Oggi ho deciso di affrontare il tema dell’autismo, sia dal punto di vista strettamente clinico che, soprattutto, dal punto di vista del tipo di lavoro che si può fare per migliorare la qualità della vita di queste persone e delle loro famiglie.
L’etimologia della parola autismo deriva dal greco αὐτός, letteralmente “se stesso”. Il primo richiamo del termine è chiaramente alle difficoltà relazionali e comunicative che, a diversi livelli, caratterizzano i disturbi dello spettro autistico. Kanner ha adottato il termine “autismo infantile” per identificare una sindrome che ha osservato in un campione ridotto di bambini, accomunati tutti da alcuni particolari sintomi: si trattava di bambini inclini all’isolamento, poco partecipi nelle relazioni, alcuni con un linguaggio estremamente povero o caratterizzato da ripetizioni (ecolalia), altri addirittura non verbali. Parte di questi bambini aveva una forte rigidità ad ogni piccolo cambiamento ambientale, che provocava reazioni abnormi di ansia, altri avevano abilità molto sviluppate ma in maniera settoriale, mentre in quasi tutte le altre aree si evidenziava un significativo ritardo dello sviluppo.

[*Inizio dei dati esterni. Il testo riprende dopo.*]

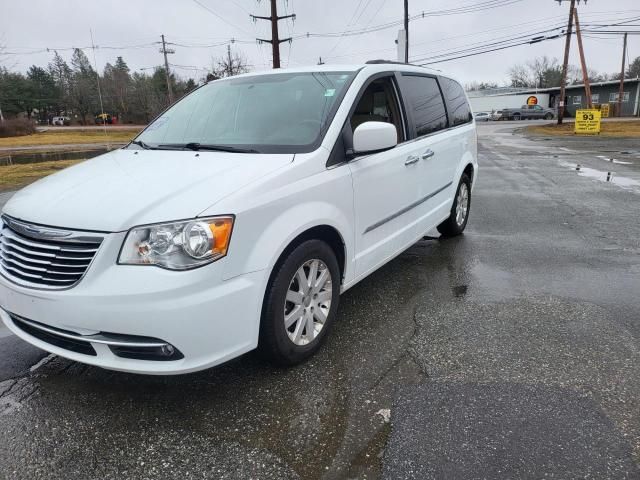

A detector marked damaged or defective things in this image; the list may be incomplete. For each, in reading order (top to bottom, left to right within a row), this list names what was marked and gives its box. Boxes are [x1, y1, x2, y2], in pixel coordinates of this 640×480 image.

cracked pavement [1, 122, 640, 478]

Negli anni sono state proposte moltissime teorie sull’origine dell’autismo, condannando intere generazioni di genitori all’etichetta di “cattivo genitore”, in primis le cosiddette “mamme frigorifero”, cioè madri accusate di essere troppo distanti e fredde nei confronti del figlio, ragion per cui quest’ultimo si ammalava di autismo. Rimland, direttore dell’Autism Research di San Diego è stato il primo a sostenere con fermezza che le cause dell’autismo non vanno ricercate nei genitori, ma nella biologia.

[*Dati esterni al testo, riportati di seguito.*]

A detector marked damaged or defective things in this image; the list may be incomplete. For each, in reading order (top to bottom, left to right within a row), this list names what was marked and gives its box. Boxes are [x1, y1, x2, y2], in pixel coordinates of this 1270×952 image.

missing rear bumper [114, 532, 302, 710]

Il DSM (Manuale Statistico Disturbi Mentali) elenca in maniera dettagliata i criteri per una diagnosi di autismo, tra i quali troviamo un deficit della comunicazione sociale e nell’interazione sociale, comportamenti e/o interessi ed attività ristrette e ripetitive (stereotipie, rigidità al cambiamento), aspetti non spiegabili alla luce di un ritardo mentale o di altri ritardi dello sviluppo. I sintomi emergono nella prima infanzia, anche se possono conclamarsi quando il bambino è più grande e compromettono il funzionamento globale dell’individuo.

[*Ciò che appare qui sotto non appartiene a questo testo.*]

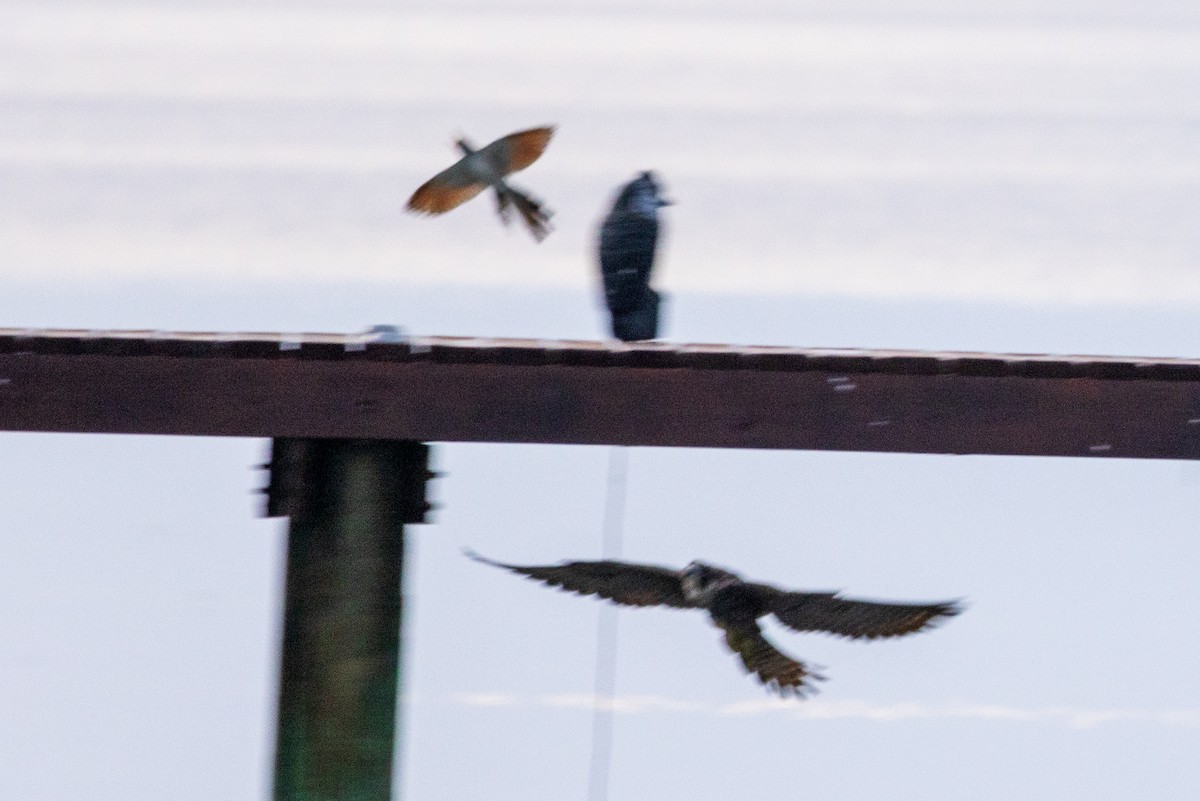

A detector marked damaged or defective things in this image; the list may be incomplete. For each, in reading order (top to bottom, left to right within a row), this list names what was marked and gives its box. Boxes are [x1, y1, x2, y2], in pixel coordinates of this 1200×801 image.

rusty metal beam [2, 328, 1200, 460]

Le cause precise dell’autismo sono sconosciute, è stata esclusa la responsabilità dei genitori ma non si è trovato il fattore scatenante. Tra i vari studiosi che si sono occupati di autismo c’è accordo nel parlare di multifattorialità, ovvero sia aspetti genetici, che aspetti legati all’interazione tra geni e fattori ambientali, che altre variabili di ordine biologico. Dal punto di vista della genetica sono numerose le evidenze scientifiche di mutazioni di alcuni geni, tuttavia non sufficienti a spiegare l’autismo in quanto anche persone non affette da tale sindrome presentano mutazioni simili e anche diversi soggetti autistici hanno mutazioni diverse.
L’ipotesi dunque è che il maggior fattore di rischio per l’autismo sia poligenetico, cioè il risultato di una combinazione di piccoli effetti prodotti da migliaia di differenze e mutazioni genetiche. Queste differenze genetiche si riscontrano anche nella popolazione tipica (non autistica), determinando un continuum di tratti comportamentali e di sviluppo che solo nella loro manifestazione più severa possono essere ricondotti a sintomi tipici dell’autismo. Dunque l’interazione tra geni e ambiente sembra giocare un ruolo rilevante nel disturbo dello spettro autistico: la vulnerabilità individuale in seguito a mutazioni genetiche può concorrere all’insorgenza dei disturbi dello spettro autistico.
Si parla di Disturbi dello Spettro Autistico perché in questa grande categoria sono comprese moltissime sottocategorie, come la Sindrome di Asperger, il Disturbo disintegrativo dell’Infanzia, il disturbo autistico.
Non mi soffermerò su ognuna di queste categorie perché, come ho scritto prima, ogni persona con autismo è un mondo a sé.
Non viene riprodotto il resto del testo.